Discussion in 'Journalism topics only' started by black dude with pompano, Aug 31, 2010.

  1. http://blogs.knoxnews.com/editor/2010/08/dooleys_rewarding_of_reporters.shtml

    Does anyone else find it odd that the one daily newspaper reporter in the group was apparently untroubled by this arrangement?
  2. writingump

    writingump Member

    Dooley's a nice guy but he's also a Nick Saban disciple, which means the media is kept at arm's length at all times. He is just nicer about it than most Saban/Belichick guys. And no, I don't think this is good.
  3. CR19

    CR19 Member

    What defines how a reporter is "respectful" to the team? Does it mean they treat team officials professionally, or does it mean the reporters suck up to Dooley?
  4. SixToe

    SixToe Active Member

    That's terrible.

    "You've been good little boys and girls during training camp, so here's your lollipop ... a scrimmage! Yea!"
  5. Stitch

    Stitch Active Member

    I can imagine the great stories that come out of those scrimmages. "Jimmy Wideout looked sharp catching that wide-open 10-yard pass."
  6. JoelHammond

    JoelHammond Member

    The comments go back and forth, but the ones that support "CDD" -- Coach Derek Dooley, I surmise -- are disturbing.
  7. dooley_womack1

    dooley_womack1 Well-Known Member

    I gotta do what I gotta do
  8. Point of Order

    Point of Order Active Member

    What a douchebag.
  9. Ace

    Ace Well-Known Member

    If I were the beat writer, I would have no qualms about sticking up for the right to attend the "mock game."

    But I would not go under those terms.

    If Dooley just agreed to let those reporters in and didn't give any reason, that's one thing.

    But the pat on the head from the coach is pathetic.
  10. accguy

    accguy Member

    I think anybody who has been on a college beat for a while has had some sort of exposure to this, but likely not as public.

    If you do a good job, are fair and are professional, you might get a call from an assistant coach or a SID saying to come to practice. If you might ask the SID for some special access for a story and have it granted. You might call the coach at home when something is going down and get a phone call returned while one of the other beat writers doesn't.

    It's called working the beat. It's the reality.

    Now would it have been better if there wasn't a public proclamation about this? Probably. But the reality of life on a beat is that if you show up all the time, you are fair and you aren't a d-bag, sometimes you get things thrown in your direction that help you.

    Here's an example: I was new on a beat where access is traditionally pretty tight. When we got to basketball season and I got off to a fine start with the coach, I asked the SID to see if I could attend a practice or two to get a sense of how the staff worked, what they emphasized, etc. The coach was cool with it and I went to a couple of practices over the semester break. At one of these practices, a starter (not a star, but a solid player) got hurt. I was there, I asked the coach about it afterwards and it was a scoop.
  11. I don't disagree with most of the above, but the fact is there was a public proclamation and it does make one wonder whether a dogged, aggressive reporter would get an invite over the fanboy contingent.

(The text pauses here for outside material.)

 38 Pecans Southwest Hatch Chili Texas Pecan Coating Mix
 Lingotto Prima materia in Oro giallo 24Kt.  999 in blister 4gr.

    The fact that this apparently didn't even raise eyebrows with the News-Sentinel until well after the fact makes me wonder...
  12. Ace

    Ace Well-Known Member

    Sure, if you show the initiative, fine. No reason to stay with the pack.

    But if Dooley made this announcement before the mockery game, no way in hell I would go. I wouldn't let my reporter go, either, under those terms.

    It's insulting and patronizing.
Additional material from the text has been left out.